Mixed Fortunes for Conservatives in Weekend Cliffhanger Elections

By Patrick Goodenough
Published September 19th 2005 in Cybercast News Service
Weekend elections in two Western democracies ended with results so close that they will undergo a period of political limbo before a final outcome becomes clear.

In both Germany and New Zealand, the parties that were narrowly beaten have refused to concede defeat.

The two countries' campaigns dealt largely with economic and other domestic issues rather than foreign policy. In each case, however, conservative challengers signaled warmer relations with the United States than those overseen by the liberal incumbents, both of whom opposed the war in Iraq.

In Germany's case, Chancellor Gerhard Schroeder's Social Democrats (SDP) were edged out by conservative Angela Merkel's Christian Democrats (CDU), who did less well than opinion polls had predicted but nonetheless took 35 percent of votes to the SDP's 34, according to preliminary results.

Despite failing to win a ruling majority, Merkel told supporters she would negotiate with other parties in a bid to build a stable coalition.

Schroeder, however, claims that he has a mandate to form the next government.

The result prompted analysts to predict that the likeliest solution may be a "grand coalition" between the two major parties, with Merkel taking the post of Germany's first woman chancellor but then facing the unenviable job of overseeing an unwieldy government hampered by gridlock.

The Christian Democrats and Social Democrats both were hurt by minor parties which fared well under Germany's mixed member proportional (MMP) electoral system, a form of proportional representation which tends to favor small parties and led to coalition governments.

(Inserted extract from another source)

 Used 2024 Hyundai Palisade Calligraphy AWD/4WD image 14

The pro-business Free Democratic Party (a likely CDU ally) won 10 percent, the Greens (SDP partners in the previous government) took 8.2 percent, and a new left-wing faction received about 8.5 percent.

Coincidentally, New Zealand also uses the MMP system, which it adopted from Germany. In New Zealand's case, however, Saturday's election went against the trend and saw the major two parties boosted at the expense of the minor ones.

The opposition National Party led by former reserve bank head Don Brash came within 1.1 percent of unseating Prime Minister Helen Clark's Labor.

Out of 122 seats in the new parliament, Labor is set to take 50, National 49, and six minor parties a total of 23 seats between them.

It was a big jump for National, which only won 27 seats in the last parliament, and Brash has refused to concede defeat, although he acknowledged Monday that Labor had a "slightly better chance than we do" of cobbling together a government.

Special votes - those cast overseas, in hospitals etc. - will be counted over the next fortnight.

While they could theoretically reverse the final result, this is thought unlikely, and conservatives are bracing for another three years of a Labor-led coalition - possibly further to the left than before, if the Greens are wooed into government this time.

Like Germany, New Zealand will now go through a period of intense political bargaining as small parties flex their muscles and make policy demands in exchange for providing crucial support for a government-in-the-making.